Referring to Modi’s alleged role in the Gujarat riots, the petition avers: “Recently, there have been efforts to whitewash Modi’s grim record and to grant him respectability.”

Such an allegation may have carried some weight in the immediate aftermath of the riots, but 11 years later after an intensive investigation directed by a respectable authority, the Supreme Court of India, which found no evidence of wrongdoing on Modi’s, it is redundant. Exoneration by the Supreme Court cannot be dismissed as an attempt to ‘whitewash’ a crime. Therefore, to persist with charges that have been repudiated is nothing short of bigotry and is a devious attempt to hoodwink the world at large.

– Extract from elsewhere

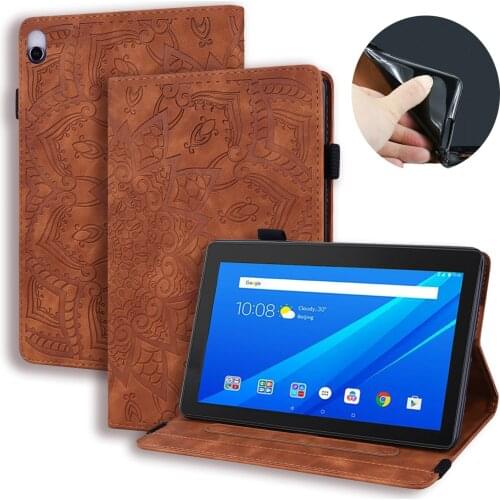 Embossed Flip Cover For Lenovo Tab M10 Case P10 Case TB-X605L TB-X605F For Lenovo Tab P10 M10 TB-X705L TB-X705F Case 10 1 Caqa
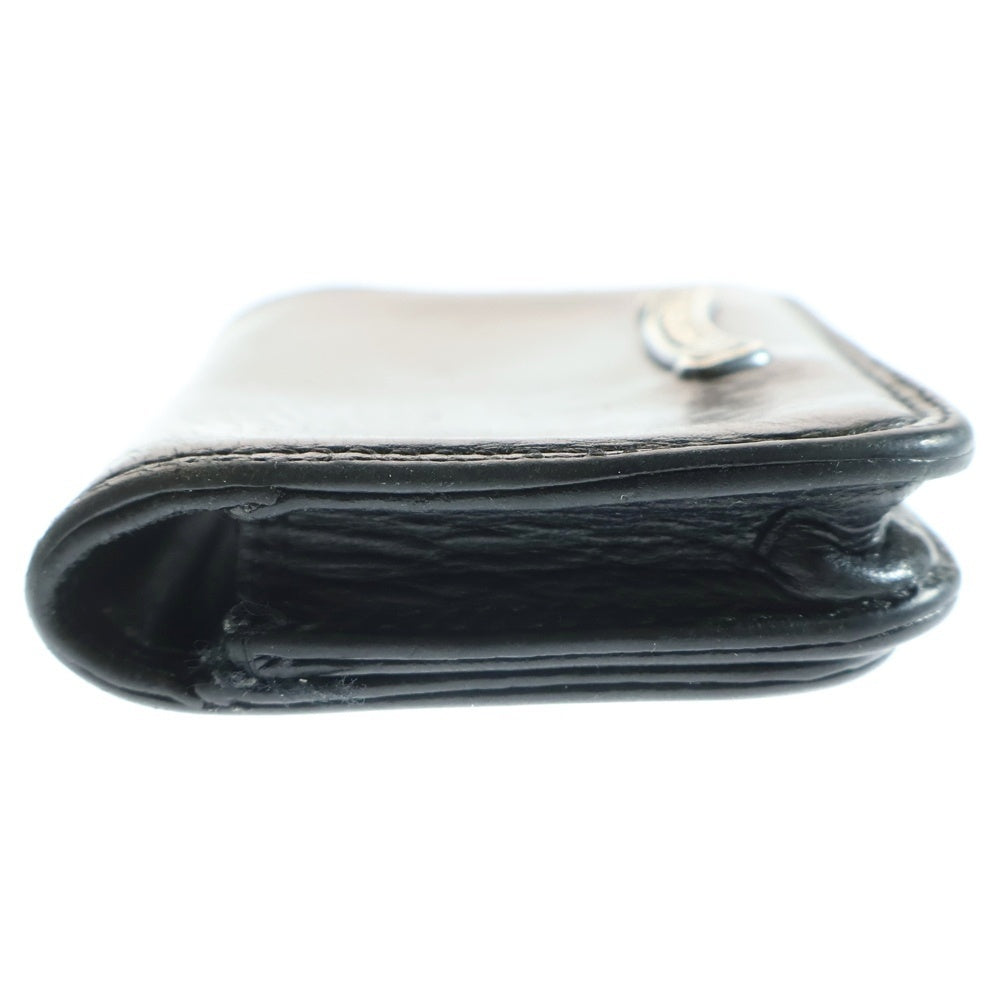CHROME HEARTS(クロムハーツ) CARD CASE スクロールラベル レザーカードケース ブラック/シルバー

Modi’s castigation at this juncture takes on a wider dimension to include the nation as a whole. Wharton’s decision cannot but be seen as a censure of the Indian electorate that has endorsed Modi three times and as an attempt to trivialise the acumen of India’s highest judicial authority. Government of India representatives, Planning Commission Deputy Chairman Montek Singh Ahluwalia and Union minister of State for IT and Communications Milind Deora must register their approval by withdrawing from the meet in the national interest.

Wharton by its faulty decision has sullied its own image and eroded its own credibility as an institution that celebrates diversity of thought. Wharton needs to rectify its mistake.